==== SUPPLIED INFORMATION ====

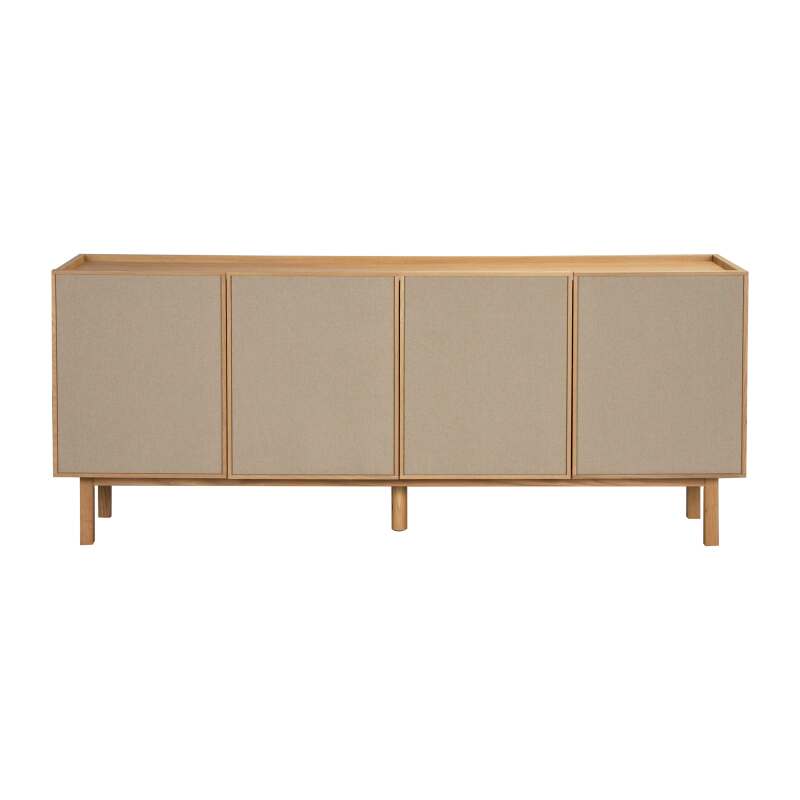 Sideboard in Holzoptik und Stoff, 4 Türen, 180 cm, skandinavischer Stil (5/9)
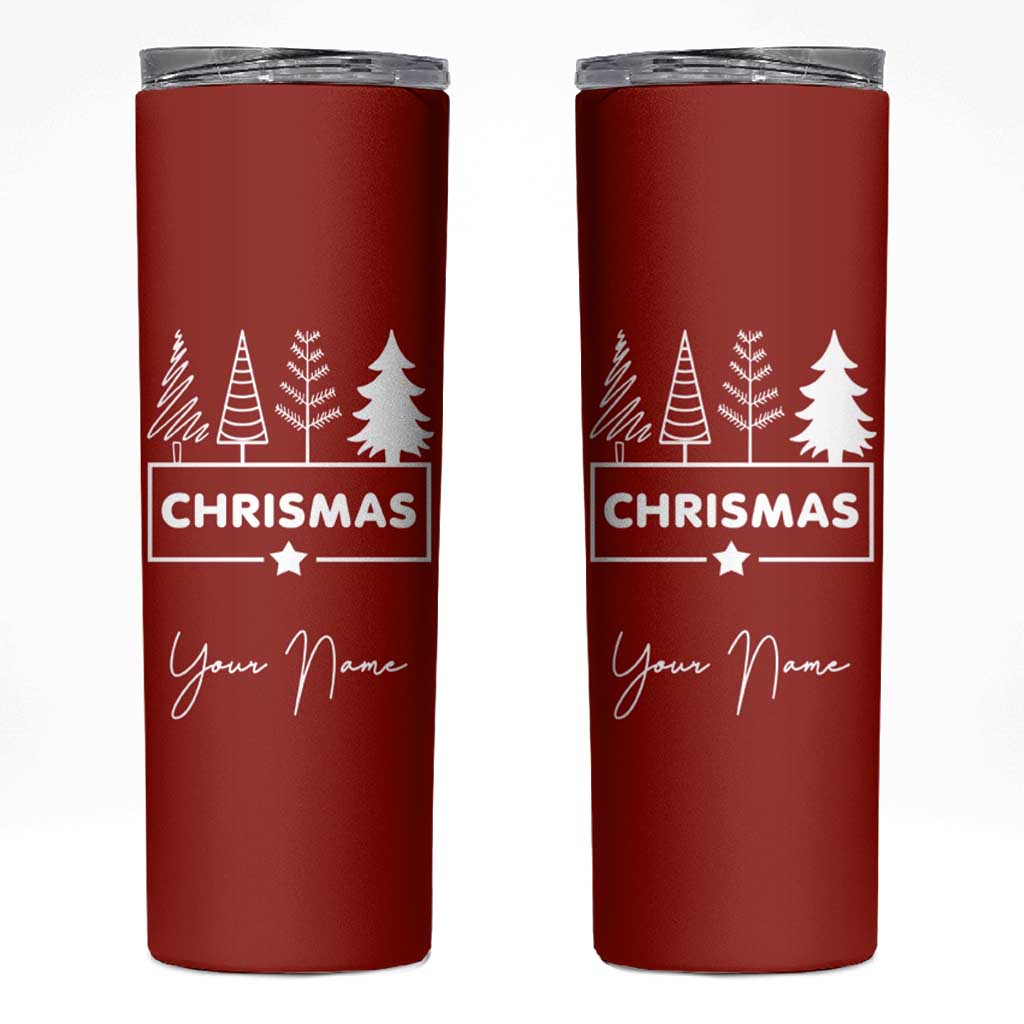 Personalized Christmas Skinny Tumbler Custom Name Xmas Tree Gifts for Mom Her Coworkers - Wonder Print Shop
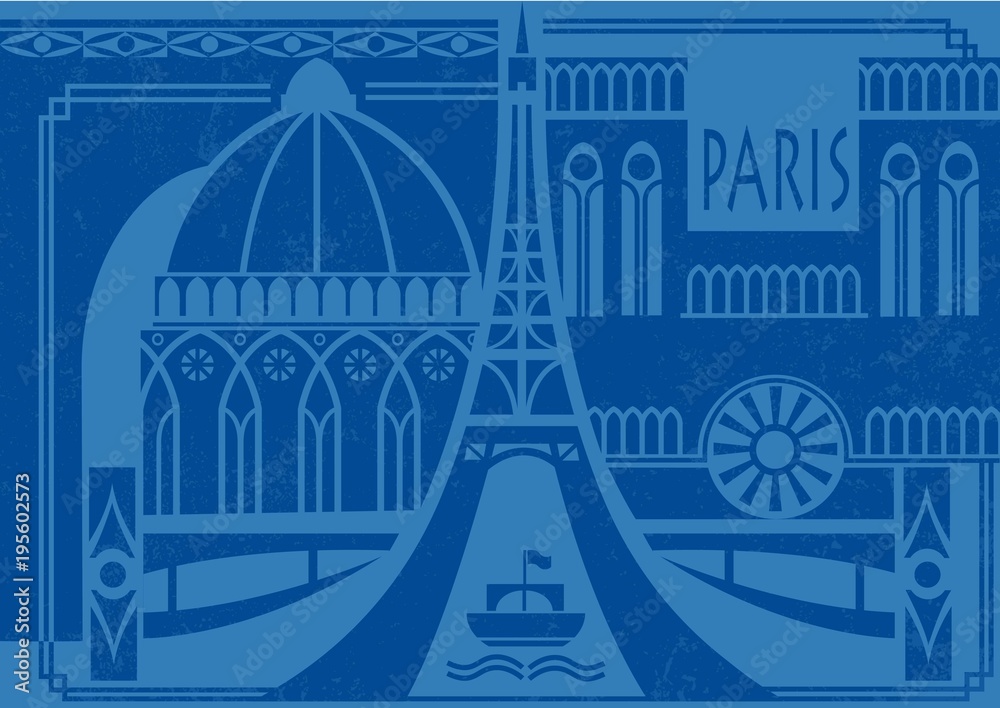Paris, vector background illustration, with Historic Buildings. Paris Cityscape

====

- PROBLEM DESCRIPTION: Only the pictures are to be left out; write out all the other data exactly.

- SOLUTION FOR THIS EXERCISE:
 Sideboard in Holzoptik und Stoff, 4 Türen, 180 cm, skandinavischer Stil (5/9)
 Personalized Christmas Skinny Tumbler Custom Name Xmas Tree Gifts for Mom Her Coworkers - Wonder Print Shop
Paris, vector background illustration, with Historic Buildings. Paris Cityscape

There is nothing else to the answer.